South African cricket captain AB de Villiers.
Image: Gallo Images

Perspective is more valuable to a cricket team than runs and wickets‚ and doubly so when players are forced out of their comfort zone — which has happened to South Africa in England.

As if a disappointing one-day series wasn’t bad enough‚ South Africa crashed out of the Champions Trophy in a fashion remarkable even for them and their torrid tournament history.

Then followed a shocker in the first T20 in Southampton on Wednesday‚ when they dawdled to a total of 142/3‚ which England bettered with nine wickets standing and 5.3 overs to spare.

Even considering the format and the visitors’ lineup‚ which was drawn from an experimental squad‚ that’s a hiding.

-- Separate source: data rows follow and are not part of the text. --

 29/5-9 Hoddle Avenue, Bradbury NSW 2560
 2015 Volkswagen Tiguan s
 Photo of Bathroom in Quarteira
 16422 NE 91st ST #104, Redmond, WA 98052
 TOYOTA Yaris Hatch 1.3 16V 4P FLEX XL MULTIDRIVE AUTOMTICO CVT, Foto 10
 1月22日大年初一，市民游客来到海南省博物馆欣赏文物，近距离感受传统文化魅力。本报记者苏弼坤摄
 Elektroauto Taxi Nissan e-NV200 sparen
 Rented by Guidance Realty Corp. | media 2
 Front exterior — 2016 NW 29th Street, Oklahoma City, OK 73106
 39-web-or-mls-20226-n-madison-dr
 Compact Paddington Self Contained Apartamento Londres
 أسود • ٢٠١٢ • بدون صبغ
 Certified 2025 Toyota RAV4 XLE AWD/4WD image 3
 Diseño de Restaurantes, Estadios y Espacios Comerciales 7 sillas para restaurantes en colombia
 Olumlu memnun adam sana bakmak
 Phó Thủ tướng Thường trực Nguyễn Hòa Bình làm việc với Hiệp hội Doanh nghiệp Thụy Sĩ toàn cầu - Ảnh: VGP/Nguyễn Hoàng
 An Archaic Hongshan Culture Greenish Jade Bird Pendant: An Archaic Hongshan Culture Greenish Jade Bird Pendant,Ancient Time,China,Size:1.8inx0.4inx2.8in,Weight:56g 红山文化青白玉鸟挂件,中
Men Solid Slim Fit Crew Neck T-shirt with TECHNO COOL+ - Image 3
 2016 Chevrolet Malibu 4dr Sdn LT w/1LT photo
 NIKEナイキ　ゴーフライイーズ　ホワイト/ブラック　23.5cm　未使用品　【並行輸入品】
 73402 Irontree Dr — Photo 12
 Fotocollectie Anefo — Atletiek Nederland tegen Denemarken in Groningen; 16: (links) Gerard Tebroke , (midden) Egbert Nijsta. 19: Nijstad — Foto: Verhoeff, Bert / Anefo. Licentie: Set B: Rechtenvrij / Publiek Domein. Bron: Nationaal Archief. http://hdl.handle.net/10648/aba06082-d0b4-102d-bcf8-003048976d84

The teams meet again in Taunton on Friday and in Cardiff on Sunday.

Only then will we reach the main course of the English summer: the test series.

Right now that’s a foreboding thought‚ and less because of the way South Africa are playing — poor though that is — than they way they seem to be thinking.

“I know it doesn’t look like it losing by five-odd overs‚ but they had the freedom of going after us because they had wickets in hand and we had a low total — it would have been a different game if we had got 20-odd more [runs]‚” AB de Villiers told reporters after the Southampton saga.

“From the 12th‚ 13th over we tried to go. We honestly had the intent to take it to them.

“I told [Farhaan Behardien] about 10 an over and we end up getting fives and sixes at times.

“That’s just the nature of the wicket and the plans they had in place.”

De Villiers was talking about the unbroken stand of 110 he shared with Behardien.

South Africa’s captain made an unbeaten 65 and his partner 64 not out in the 15.5 overs they were together.

They shared their team’s record partnership for the fourth wicket and the fourth highest for any of South Africa’s wickets in T20s.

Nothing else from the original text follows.